I’m totally with you on the whole daycare thing. I was feeling so guilty when I first put Ellie into daycare but nowadays, I’m glad that I did because she learned how to interact with people her size. Plus her teachers are so incredibly nice. She’s learned a lot from her daycare, things that I probably wouldn’t have a clue on how to handle on my own. I’m no longer feeling guilty for starting her and am really glad that she is doing so well there. It also makes the time we have at home so much more special too. At this point in time, I’m sure she will give me hell if I pulled her out of daycare to spend all her waking moments with me again. She’s happy, I’m happy, we’re just one big happy family.
Lori @ I Can Grow People
We were also lucky and found an awesome daycare here in PA just around the block. In-home daycare was good for us at first, but now that P is older I love the interaction and education he is getting at a daycare center.
We are also having issues getting P to eat–must be just a phase our little dudes are in…
Katy @ MonsterProof
Thank you so much for frequently posting how wonderful your daycare experience has been. My first is due in May, and it’s already killing me that I know daycare is in our future. It shouldn’t! I even WORKED at a daycare for years, loved it, and thought it was a wonderful environment. Still tough.
Abby @ They Lend Me Their Hearts
THANK YOU SO MUCH for this post! I am a home daycare provider and there isn’t enough positive media out there about daycare!
Also, having another adult that loves your little one and who your child can trust with their problems is a GREAT thing!
Abby @ They Lend Me Their Hearts
Maybe you’ve already written it and I forgot about it, but could you write a post about how you went about chosing a daycare? What you were looking for and how you knew it was “the one”? The searching process can be hard on parents and they worry about how to know if they’ve found the right one.
Kat @ Living Like the Kings
As a matter of fact, my husband and I recently picked a daycare for our little unborn Peanut. I hope we can embrace it as well as you did.
Casper
I am lucky in that I will get to stay home with our little one but I also understand that positive things daycare can brings. The interaction with the other little ones is wonderful all on its own. I am glad Bean is eating well again. I am WAY older than bean and sometimes I still mash all my food together!
Alaina
You know, that actually kind of sounds good…I’ll have what Bean’s having!
Christy Peters
I always enjoy reading positive working mom/daycare posts. My little 9 week old girl started day care 3 weeks ago…yeah…only 6 weeks off work-ugg. But it is going really well and I have found out its not all that bad. So thanks for writing about the positives you find too!:)
molly
Hmmm, maybe I’ll have to try the mashed up food idea. Because my toddler won’t eat at all sometimes. And it is sooooo frustrating!
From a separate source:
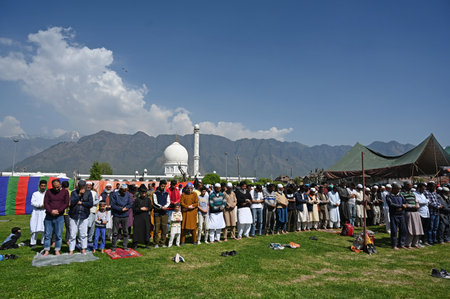 SRINAGAR INDIA APRIL 14 2023 Muslims offer Friday prayers during the holy month of Ramadan outside Hazratbal shrine on April 14 2023 in Srinagar India Photo by Waseem Andrabi Hindustan Timesのeditorial素材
We just started daycare with both of my kiddos last month. For my 6-month-old it has been easy peasy. For my 27-month-old? Not so much. HUGE crying fits and tantrums. And his behavior at home has changed too. Every time I drop him off I want to run crying to work and quit. But the teachers tell me he does fine after I leave. And it’s getting a little better each day.
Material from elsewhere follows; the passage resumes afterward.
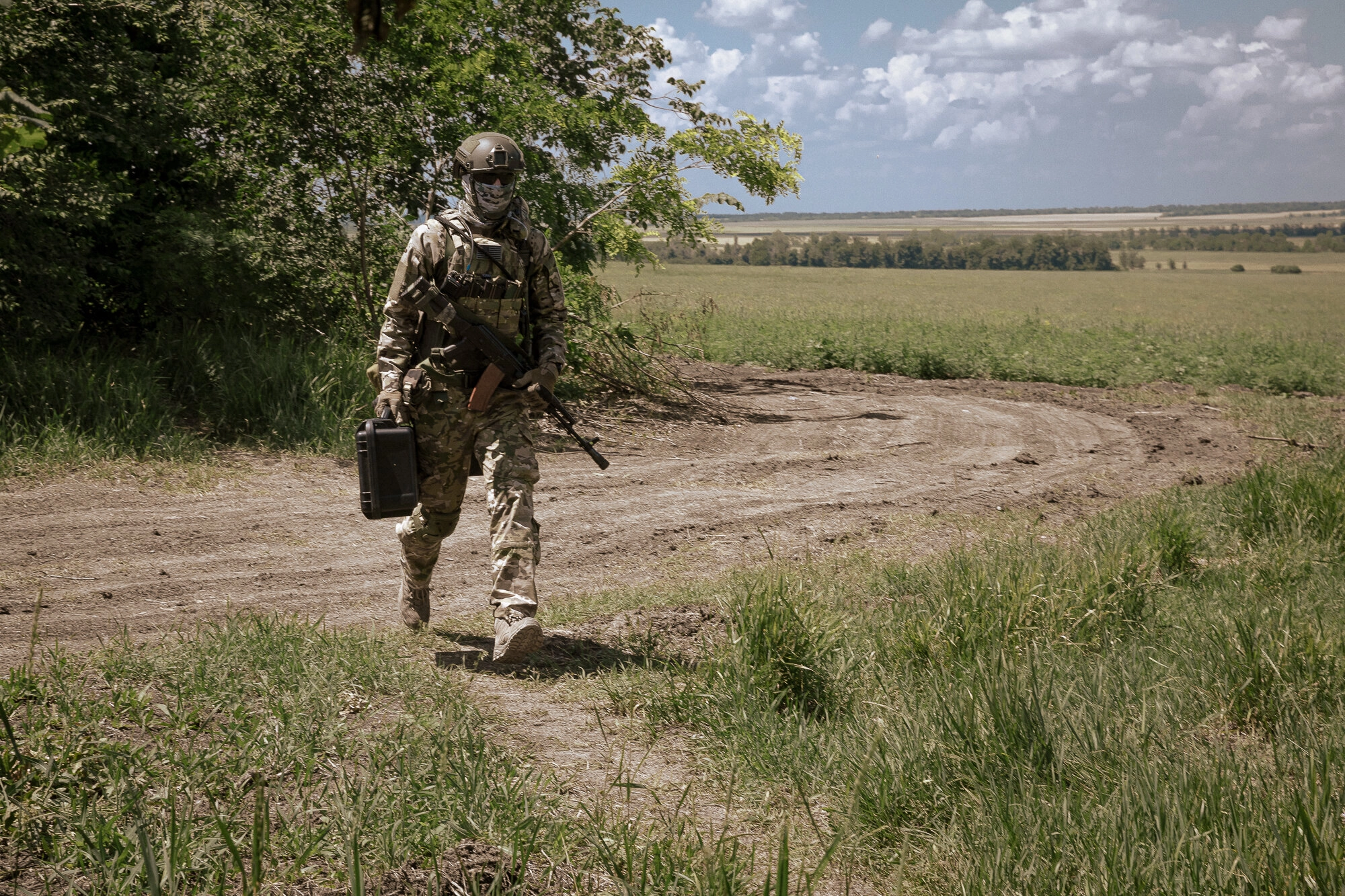 Drone pilot serving with the Azov Special Operations Force (SSO) Regiment crosses an open area during a reconnaissance patrol in the Mykolaiv-Kherson sector / Розвідник полку ССО “Азов“ перетинає відкриту місцевість під час пішого патрулювання в секторі “Херсон-Миколаїв“ (MAKS PILIPENKO)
They say my baby is super happy playing with the other babies. So I’m happy about that. I don’t mind it so much since it’s only 2 days a week.
Renee
I used to work at a daycare (actually a couple) before I started teaching at the elementary level. I look forward to the day my future kids go to daycare for these reasons. It is so sweet to see a connection between child and caregiver. Makes me all warm and fuzzy.
courtney
I used to feel guilty that I had to take my now three year old to “school” for 9 months out of the year. But his teachers have taught both him and me so much that I’m thankful that he goes. He has learned to socialize, share with others, make friends, and he LOVES to go to school each day. Last summer when we were off (I teach school) he kept asking when he was going to go to school. So this summer I have decided that he will go on Tues. and Thurs. each week. Used to I would’ve felt guilty, but now that I know how much he loves it, I’m looking forward to some alone time.
HollyR
I worked at a daycare for over 3 years, and while it can be a challenge and I don’t have any children yet, it will be my choice to send my children to daycare because I want ot work after going to college for 10 years. Who knows, that could change, but it is SO nice to hear someone talk about the benefits of daycare, because there are SO many! P.S. Parents like you are awesome, and I’m sure Bean’s daycare teachers appreciate you just as much as you appreciate them!